Wanita dari Suku Karen mewajibkan dirinya untuk memanjangkan leher dengan tumpukan kawat dari kuningan. Wanita Suku Karen menganggap semakin panjang leher mereka, maka akan semakin cantik di mata pria. Jadi, mereka melakukan tradisi ini sejak masih gadis agar lehernya tampak lebih panjang.
Sama seperti suku Dayak, yang menambah logam di telinga mereka tiap tahunnya, wanita dari suku Karen juga menambah jumlah kuningan di lehernya seiring dengan bertambahnya usia mereka. Wanita Suku Karen juga tak boleh melepas tumpukan kawat yang mereka pakai meski sedang melakukan aktivitas.
Selain di leher, logam kuningan ini juga dipakai di kaki dan tangan. Kalung besi ini baru dilepas ketika menikah, melahirkan, meninggal dunia, atau ketika akan dibersihkan. Kalung besi ini juga punya fungsi lain selain sebagai aksesoris yang menambah kecantikan suku Karen, yaitu agar terhindar dari serangan binatang buas. Dahulu, suku Karen hidup di pedalaman sehingga tak heran jika mereka sewaktu-waktu bisa bertemu dengan hewan-hewan buas.

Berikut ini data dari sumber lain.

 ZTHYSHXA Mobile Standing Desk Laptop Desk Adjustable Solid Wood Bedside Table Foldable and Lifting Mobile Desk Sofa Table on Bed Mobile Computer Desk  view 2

Sekedar info, suku Karen sebenarnya bukan suku asli Thailand, melainkan berasal dari dataran tinggi Tibet. kemudian mereka pindah ke Myanmar tepatnya di Karen State yang berbatasan langsung dengan Thailand. Beberapa etnis pindah ke Thailand karena bentrok dengan pemerintah setempat. Suku Karen menganut animisme, tetapi kini sebagian kecil dari mereka menganut agama Kristen.
Suku Himba
Suku Himba disebut juga dengan istilah "suku merah" yang berasal dari Namibia Utara. Selain warna kulitnya yang merah, keunikan lain dari suku ini adalah kriteria cantiknya. Wanita dari suku Himba ini dikenal tak pernah mandi dengan air. Meski demikian, wanita dari suku ini dikenal sebagai wanita tercantik di Afrika.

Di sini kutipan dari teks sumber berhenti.